Entrevista con Pedro Costa: «¡Tengo una felicitación de ETA!»

La historia de un país es también la historia de sus crímenes

El productor y cineasta Pedro Costa (1941-2016) ha demostrado una fuerte personalidad a la hora de trabajar, imprimiendo un sello inconfundible a sus películas, casi siempre vinculadas a la crónica de sucesos, aportando una interesante mirada a la sociedad muy lejana al amarillismo facilón. Recordad títulos como Amantes (1991), La buena estrella (1997) o su mítica serie La huella del crimen. Porque «la historia de un país es también la historia de sus crímenes».

Entrevista realizada por David G. Panadero
en enero de 2012








Tu formación como cineasta tuvo lugar en la Escuela Oficial de Cinematografía en los sesenta. ¿Qué gente había por allí? ¿Qué ambiente se respiraba? 

Fue impresionante. Yo ingresé en 1962, y se llamaba Instituto de Investigaciones y Experiencias Cinematográficas.

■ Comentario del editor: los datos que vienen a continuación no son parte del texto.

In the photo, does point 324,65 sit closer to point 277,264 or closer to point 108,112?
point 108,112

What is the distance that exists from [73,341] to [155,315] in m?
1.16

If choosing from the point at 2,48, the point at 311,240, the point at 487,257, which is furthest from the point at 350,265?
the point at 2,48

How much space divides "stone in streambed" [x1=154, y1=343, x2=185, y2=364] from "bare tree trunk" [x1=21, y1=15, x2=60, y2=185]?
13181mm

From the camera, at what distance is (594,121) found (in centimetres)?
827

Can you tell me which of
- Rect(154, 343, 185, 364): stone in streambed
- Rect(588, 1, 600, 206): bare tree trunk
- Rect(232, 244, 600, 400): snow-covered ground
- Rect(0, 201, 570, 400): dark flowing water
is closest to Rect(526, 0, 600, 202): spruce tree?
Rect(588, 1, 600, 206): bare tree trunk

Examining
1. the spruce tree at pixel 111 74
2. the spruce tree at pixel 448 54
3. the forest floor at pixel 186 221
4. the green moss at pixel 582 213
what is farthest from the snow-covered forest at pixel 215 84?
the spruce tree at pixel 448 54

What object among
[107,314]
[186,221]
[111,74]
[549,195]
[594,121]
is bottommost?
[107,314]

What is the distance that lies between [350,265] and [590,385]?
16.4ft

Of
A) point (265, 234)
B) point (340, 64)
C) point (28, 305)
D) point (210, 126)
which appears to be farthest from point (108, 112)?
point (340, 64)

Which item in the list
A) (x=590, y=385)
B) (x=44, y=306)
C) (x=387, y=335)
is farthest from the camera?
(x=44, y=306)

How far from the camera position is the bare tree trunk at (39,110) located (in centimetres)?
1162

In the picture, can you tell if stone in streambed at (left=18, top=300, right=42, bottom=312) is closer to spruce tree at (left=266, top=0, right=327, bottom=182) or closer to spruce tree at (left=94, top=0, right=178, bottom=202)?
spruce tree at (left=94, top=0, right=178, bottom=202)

Fue la primera escuela de cine que se fundó, y se hizo como dependencia técnica de la Escuela de Ingenieros Industriales. Hubo entonces un cambio de orientación en España, porque Fraga entró en el Ministerio de Información y Turismo, y hubo cierto aperturismo. Por ejemplo, se eliminó la censura previa en la prensa. Se potenció además la Escuela Oficial de Cinematografía, nombrándose director a un profesional de mucho prestigio, que fue José Luis Sáenz de Heredia. Había un profesorado importante: estaban Carlos Saura, Berlanga, Maeso, Miguel Picazo… Lo que pasó fue que el experimento se les volvió en contra, como suele ocurrir en las dictaduras. Aquello era un verdadero nido de rojos. Fíjate, de los diez que ingresamos en 1962, seis militábamos en el Partido Comunista. La Escuela de Cine fue el primer centro de Madrid en separarse del Sindicato Universitario para hacer un sindicato democrático.

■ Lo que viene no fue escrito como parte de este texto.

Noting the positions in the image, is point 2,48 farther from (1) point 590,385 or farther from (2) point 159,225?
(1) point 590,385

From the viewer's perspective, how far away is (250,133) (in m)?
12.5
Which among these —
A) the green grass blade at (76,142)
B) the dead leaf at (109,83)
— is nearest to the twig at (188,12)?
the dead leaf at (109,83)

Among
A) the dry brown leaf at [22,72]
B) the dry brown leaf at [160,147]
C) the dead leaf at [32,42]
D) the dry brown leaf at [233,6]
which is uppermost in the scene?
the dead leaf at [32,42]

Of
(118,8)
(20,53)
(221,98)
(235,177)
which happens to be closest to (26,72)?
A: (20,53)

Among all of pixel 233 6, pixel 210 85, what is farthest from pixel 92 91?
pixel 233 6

Además, dentro de la Escuela no había censura, por eso nuestras prácticas eran insólitas dentro del cine español. Teníamos un acuerdo con Barajas para que nos hicieran llegar todas las películas que llegaban de Estados Unidos. Los sábados veíamos películas que aquí estaban más que prohibidas. Todo Madrid quería verlas… ¡Había bofetadas para entrar!

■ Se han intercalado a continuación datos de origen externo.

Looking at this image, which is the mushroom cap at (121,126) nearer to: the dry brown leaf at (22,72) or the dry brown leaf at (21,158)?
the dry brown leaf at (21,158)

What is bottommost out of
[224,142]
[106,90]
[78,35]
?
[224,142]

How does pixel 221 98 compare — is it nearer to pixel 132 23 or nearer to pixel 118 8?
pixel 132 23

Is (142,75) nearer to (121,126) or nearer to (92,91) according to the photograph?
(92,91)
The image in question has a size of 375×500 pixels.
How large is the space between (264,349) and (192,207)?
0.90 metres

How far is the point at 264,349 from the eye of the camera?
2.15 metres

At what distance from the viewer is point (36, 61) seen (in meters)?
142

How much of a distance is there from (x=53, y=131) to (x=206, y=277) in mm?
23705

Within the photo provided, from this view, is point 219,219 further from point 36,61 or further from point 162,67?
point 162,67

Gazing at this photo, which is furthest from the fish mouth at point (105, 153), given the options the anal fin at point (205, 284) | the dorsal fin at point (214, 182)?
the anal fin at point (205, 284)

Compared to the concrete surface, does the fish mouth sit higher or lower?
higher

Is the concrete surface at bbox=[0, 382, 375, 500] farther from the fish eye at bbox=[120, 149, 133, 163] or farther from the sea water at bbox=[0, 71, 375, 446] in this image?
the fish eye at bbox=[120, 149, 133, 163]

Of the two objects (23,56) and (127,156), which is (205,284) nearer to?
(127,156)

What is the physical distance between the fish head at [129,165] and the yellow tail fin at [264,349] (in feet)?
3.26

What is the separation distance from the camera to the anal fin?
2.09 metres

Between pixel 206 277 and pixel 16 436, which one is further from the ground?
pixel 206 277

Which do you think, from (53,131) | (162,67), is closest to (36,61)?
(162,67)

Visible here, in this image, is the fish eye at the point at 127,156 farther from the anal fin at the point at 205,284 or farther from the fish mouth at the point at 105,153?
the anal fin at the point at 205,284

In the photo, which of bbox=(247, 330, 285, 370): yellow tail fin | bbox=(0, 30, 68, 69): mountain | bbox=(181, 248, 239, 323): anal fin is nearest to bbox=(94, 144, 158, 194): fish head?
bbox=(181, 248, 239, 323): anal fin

ir a la Dirección General de Seguridad, pedir información...


Alguna vez te he oído contar que para ti, la cámara de cine era como una pistola con la que disparar historias… 

Esa era una de nuestras consignas, al más puro estilo Godard. Hay que crear Vietnams en el cine español, decíamos. El punto culminante de la Escuela de Cine fue en 1967 —y nos adelantamos al Mayo del 68—, cuando se celebraron unas jornadas mundiales de cine en Sitges. Yo entonces era delegado de la Escuela. En aquellas jornadas se proyectaba una película americana sobre Vietnam, alguien decidió prohibirla y se montó un cirio de cojones. Nuestras conclusiones de la semana fueron tan fuertes que hasta Mundo Obrero las censuró. Nosotros apostábamos por crear un cine libre e independiente de cualquier estructura burocrática. Mundo Obrero matizó, «de la actual estructura burocrática».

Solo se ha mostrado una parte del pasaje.